A native of atom-bombed hiroshima, he wants to use business diplomacy to secure world peace. He has played a leading role in long negotiations over Japanese participation in Siberian development, and insists Japan should go ahead despite apparent revival of the cold war.
No country is more vulnerable than Japan in the event of war (say, in the Persian Gulf), he says, and so his country must find ways of becoming a trusted mediator between the vested interests of the various world power blocs. He sees the construction of a new Panama canal as a way to please the Americans. And, to please the Soviets, he believes japan should go ahead with a planned $8 billion investment in the development of Siberian coal, natural gas, oil, timber , and copper.
With the existing Panama Canal becoming outdated and with its intricate system of locks vulnerable to terrorist attack, a new sea-level connection between the Pacific and the Atlantic has many attractions.
The proposal calls for a waterway some 40 miles long, 650 to 1,300 feet wide, and 110 feet deep. It would be west of the existing canal, between Puerto Caimito on the Pacific and Lagarto on the Atlantic, and could handle 300,000-ton ships at normal times and probably half-a-million-ton vessels at high tide. (Maneuvering in tides up to 20 feet high is one of the most difficult problems to be overcome.)
Panama is eager for the new waterway as a means of strengthening its economic and diplomatic hand in the region, particularly in relations with the United States.
But use of the existing canal has been falling off drastically in recent years. So when the US gave it joint control of the waterway, Panama looked for a way to restore the canal to a pre-eminent role in world trade.
It was a secret search at first, because a clause in the US-Panama canal treaty said that any new construction in this century must be approved by both treaty partners. Panama decided to take the lead in sounding out what changes were possible, then approach the US.
The Japanese, who were already deepening and widening the Suez Canal, seemed like an obvious contact.
The Suez will be accommodating 150,000-ton ships (instead of only 40,000 tons now) by the end of this year, if all goes according to plan. After that, "We'll dig a second canal to handle 300,000-ton ships," Mr. Nagano says.
Friends describe steelman Nagano as "a child of nature" and "just a small boy at heart." He has thrown himself into the Panama project with a gusto belying his years.
Of course, there is an element of self-interest.Forty percent of all ships passing through the canal are Japanese. Japan would very much like to have better access to the Atlantic Ocean for shipments of its goods and for bringing home raw materials and fuels from important suppliers like the US, Brazil, Argentina, and Mexico. Mr. Nagano says: "With the new canal, Brazilian and Venezuelan ore, coal from the eastern United States, Mexican crude oil, and essential foodstuffs from areas along the Mississippi River could be transported more directly, rather than around the Cape of Good Hope. The Eastern Seaboard of the US would also get better access to Alaskan oil." (There is also the consideration that a new canal would lessen japan's and the West's dependence on South African protection of the cape route.)
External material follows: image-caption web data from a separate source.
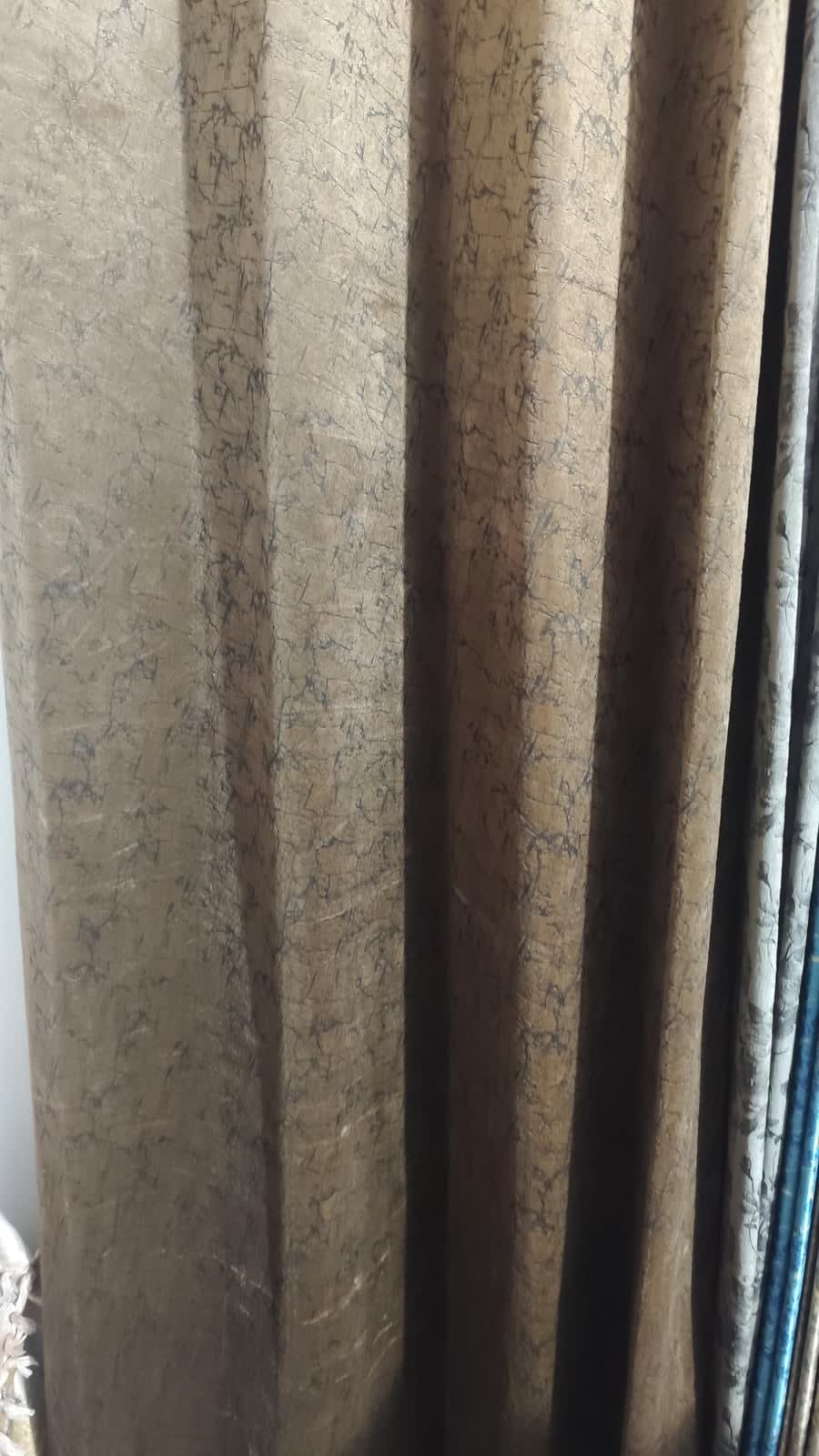 Bronze Crackle Velvet Eyelet Curtain - 7x4 & 9x4 Ft - photo 2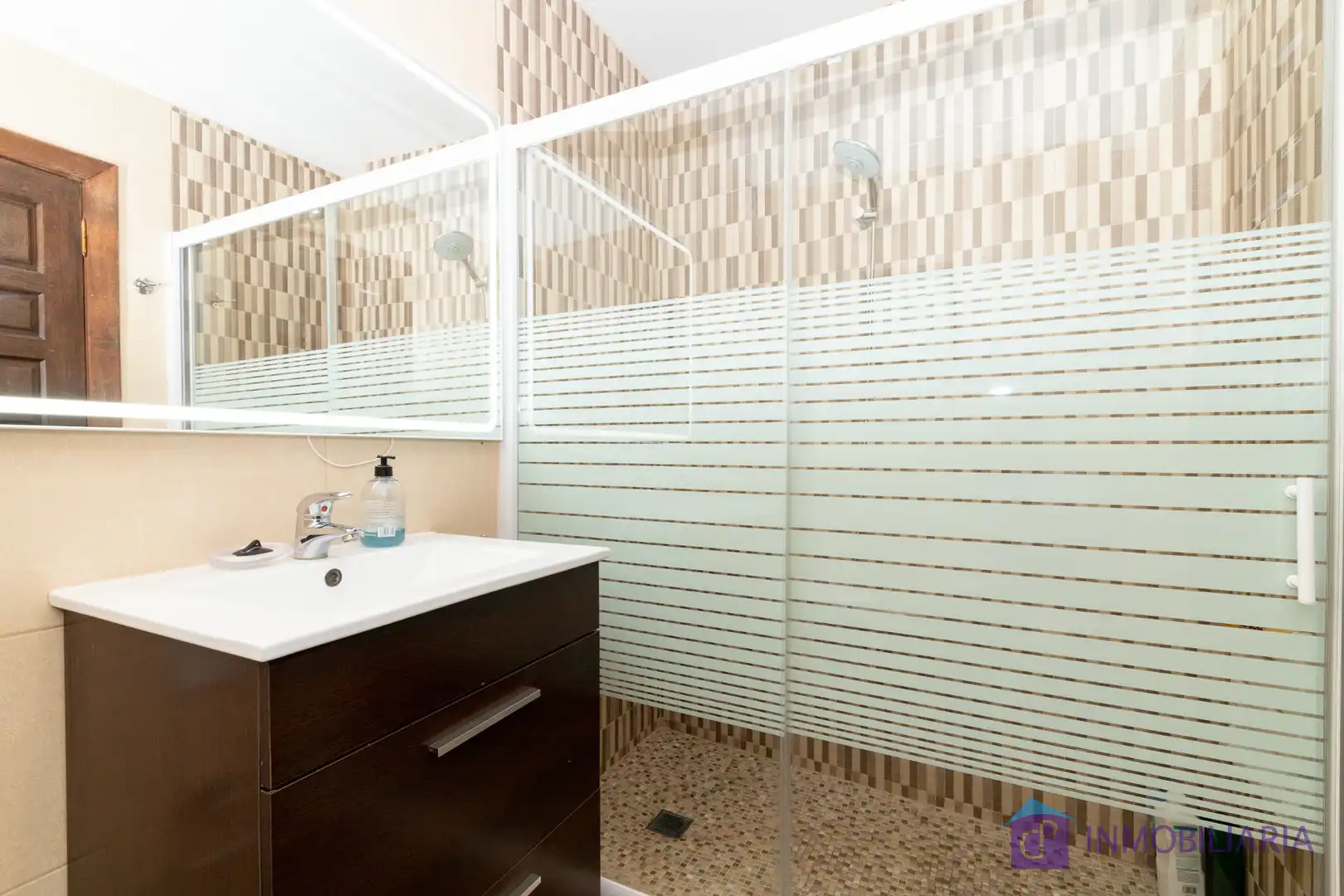 Bathroom of Flat for sale in Ateca  with Private garden, Parquet flooring and Terrace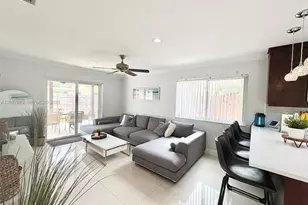 8541 NW 54th St, Lauderhill, FL 33351 - Photo 32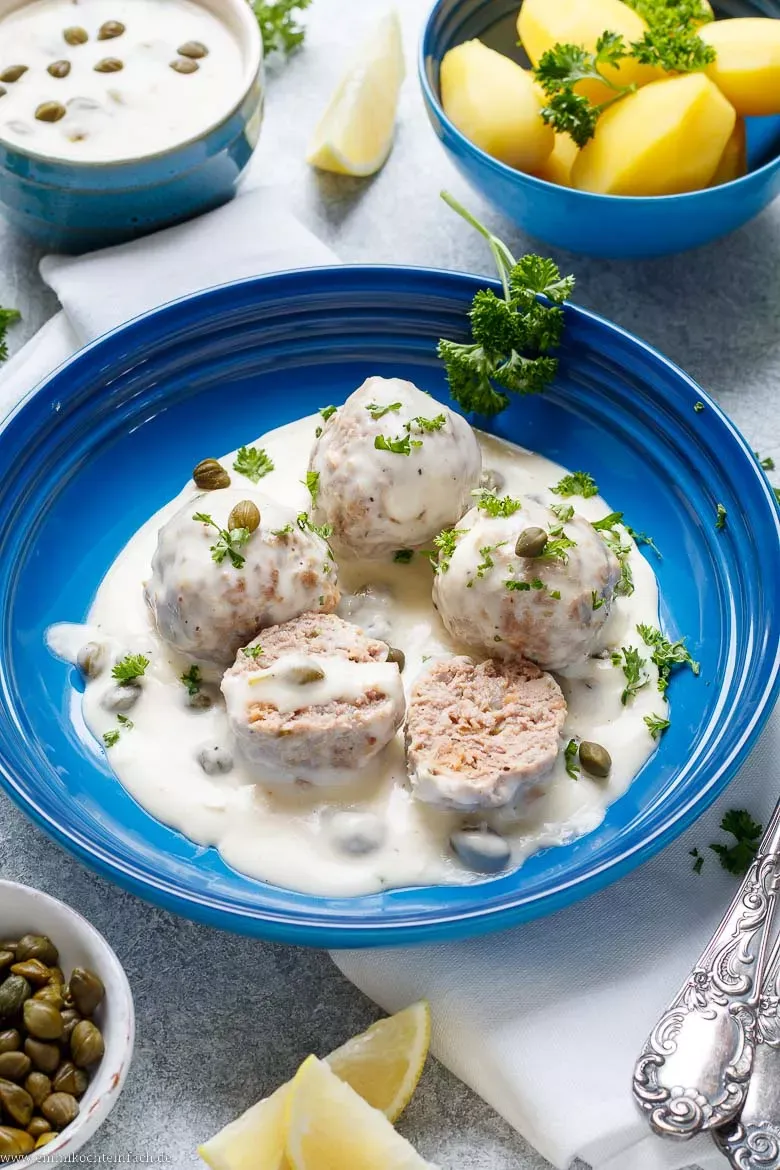 Eine Schüssel mit frisch zubereitetem, rohem Hackfleisch für die Königsberger Klopse.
"I expect the Russians will oppose it," Mr. Nagano says. "It will be a matter of common sense to consider the military aspects of the new canal, even if we have no such intention. So let's cooperate with the Americans to build this canal, and offer the Russians a quid pro quo on Siberian development [at about the same cost: $8.3 billion]."
Such projects merely open up a hew phase of Nagano's career. He has just published his memoirs under the title "Have You Ever Fled by night?" a reference to the 1931 deadlock over financial reconstruction of Fuji Steel, when he changed his lodgings nightly to escape creditors. In the end, Fuji was saved and Mr. Nagano went on to forge it with other steelmakers into the powerful Nippon Steel.
"The Panama project will take 10 years to complete," he says, "so I'm considering what I should do when I turn 90."